You are viewing a plain text version of this content. The canonical link for it is here.
Posted to c-dev@xerces.apache.org by Mark Horton <ma...@nostromo.net> on 2002/12/14 15:24:53 UTC
parse performance degradation
Hi,
I've encountered a problem that seems to be related to using sockets and
xerces.
I'm listening on a socket receiving XML then parsing it using a SAX
parser (see code below). This socket will be receiving a lot of XML
messages. During load testing I noticed a serious performance
degradation after a few thousand messages. It goes from parsing 400
messages per second to less than 15 per second.
I tried compiling xerces without threads in case it was a threading
issue. I have used both DOM and SAX parsers as well. None of this helped.
I have also found that it runs with no performance degradation if I
comment out the following line:
parser->parse(*memBufIS);
Somehow the call parse->parse() is causing a problem. I have also
removed the socket code and simply read from the same file over and
over. This is very fast and does not degrade.
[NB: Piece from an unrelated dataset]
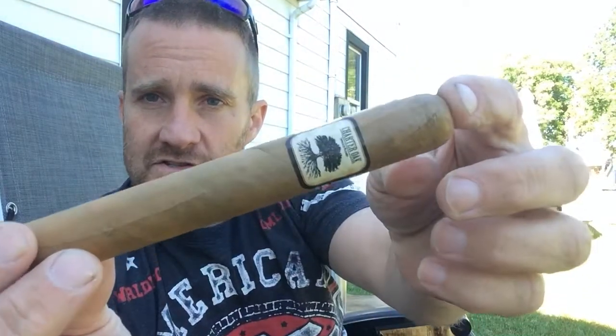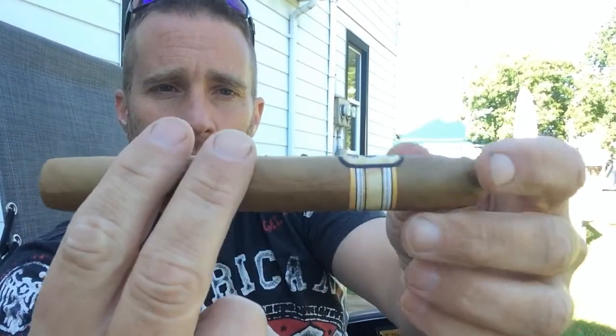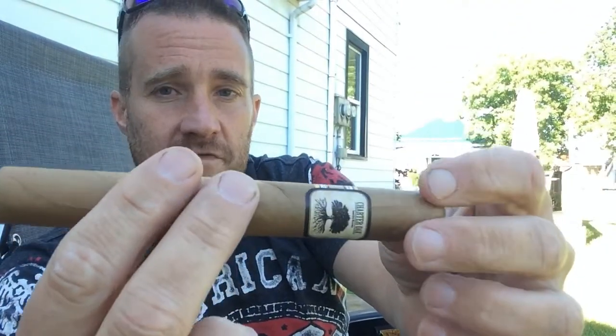Today I'm going to be smoking the Foundation Cigars Charter Oak. It's a really pretty looking cigar — it's got a Connecticut shade wrapper that is very light with no blotches, and a closed foot. This cigar is blended by Nick Melillo, who is really big in promoting Connecticut wrappers since he lives in Connecticut and it's part of his family's heritage. The name Charter Oak comes from an oak tree where some U.S. charter was made.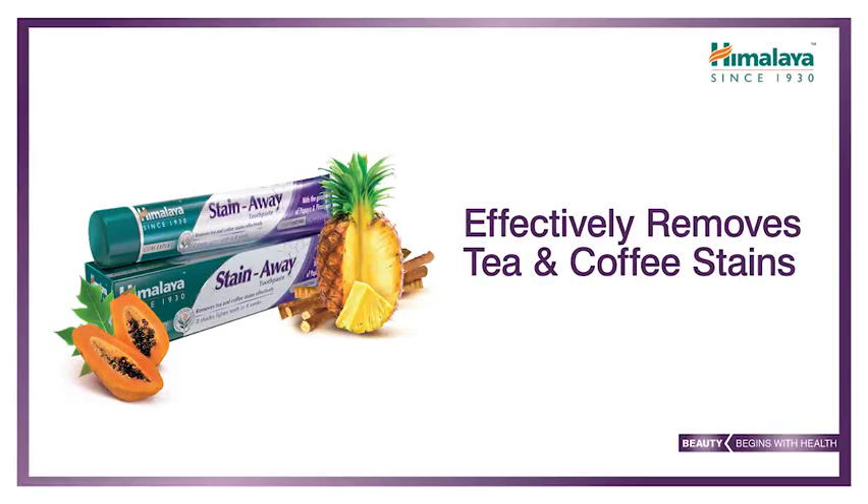It removes your stains and it whitens them — and who doesn't want perfect teeth? Oh yes, and then you're finishing my ingredients as well. Impossible! Girls, I'm back.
I could be wrong but it seems that somehow sockets (or possibly certain
IO calls) and parsing causes some sort of resource contention. The load
on the box is negligable. There is plenty of CPU and RAM.
One more odd bit of info:
The slowness manifests itself in the socket recv() call. It sometimes
takes up to 8 seconds to read from the socket. Again, if I comment out
the call to parse->parse() it works with no degradation. I don't
understand how calling parse->parse() repeatedly would cause recv() to
be slow.
Has anyone encountered anything like this or does anyone have any ideas?
Mark
void XSCon::serverLoop(int sockfd)
{
unsigned long startMillis, endMillis;
unsigned int loc;
int readSize, pos;
int BUF_SIZE = 10240;
char buffer[BUF_SIZE + 1];
string str, line;
string data = "";
string remainder = "";
for (;;)
{
if ((readSize = recv(sockfd, buffer, BUF_SIZE - 1, 0)) == -1)
{
perror("recv");
exit(1);
}
if (readSize ==0) break;
buffer[readSize] = '\0';
str = string(buffer);
pos = 0;
for (;;) {
loc = str.find("\n", pos);
if (loc != string::npos)
{
line = remainder + str.substr(pos, loc - pos + 1);
data += line;
pos = loc + 1;
remainder = "";
}
else
{
remainder += str.substr(pos, str.length() - pos);
break;
}
}
}
data += remainder;
MemBufInputSource* memBufIS = new MemBufInputSource
((const XMLByte*)data.data(), data.length(), "abc", false);
try
{
parser->parse(*memBufIS);
}
catch (const XMLException& e)
{
cerr << e.getMessage() << endl;
}
xxx++;
cout << "Count: " << xxx << endl;
delete memBufIS;
}
---------------------------------------------------------------------
To unsubscribe, e-mail: xerces-c-dev-unsubscribe@xml.apache.org
For additional commands, e-mail: xerces-c-dev-help@xml.apache.org
Re: parse performance degradation
Posted by Mark Horton <ma...@nostromo.net>.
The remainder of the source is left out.